10 cent ghost shrimp are a lot more hardy than a $50 Taiwan Bee shrimp or $30 a piece CRS SSS+. In my fish tanks, I don't bother testing ph/gh/kh or anything, dump in some water and done.  With shrimp it's different though, and you do need to pay attention to these things.


----------



## MochaLatte (Nov 19, 2011)

Well I finally was able to test the PH in the tap water that has been sitting on the counter. It tested out at 7.6 KH is still 3. I don't understand as I know for a fact the PH will drop to 5 over a period of time.


----------



## Wasserpest (Jun 12, 2003)

Perfect, 7.4-7.6 should be where it balances to, so that means your measuring stick works. :fish:

Have you tested the kH in your tank? Does it remain at 3? If it is used up for some reason it might explain the pH dive.

This happens rarely, but certain plants can under certain circumstances (high light, no CO2 injection) get their carbon fix from the kH of the water, and then the pH can go down/crash.


----------



## MochaLatte (Nov 19, 2011)

The PH dives even in tanks with only water and a sponge filter and cheapo lighting.
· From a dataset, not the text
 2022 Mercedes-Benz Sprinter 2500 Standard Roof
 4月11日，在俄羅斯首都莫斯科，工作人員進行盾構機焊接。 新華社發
I'm going to run a test with my spare 5 gallon tank. I'm going to fill it with tap water and run an air stone in it and see how long it takes for the PH to crash if it even does. Then will test the KH.


----------



## wicca27 (May 3, 2009)

sounds like a good start. i have kinda the same thing going on in one of my tanks too. been set up a yr now and its dropping to a ph of 6. there is nothing in the tank to make it drop. now i do have miracle grow organic potting mix under a sand cap but have that in other tanks as well. they all test at ph 7.6 but for some reason this one tank drops lower. my kh in all tanks is 2 and gh in all is 7 and that is out of 17 tanks


----------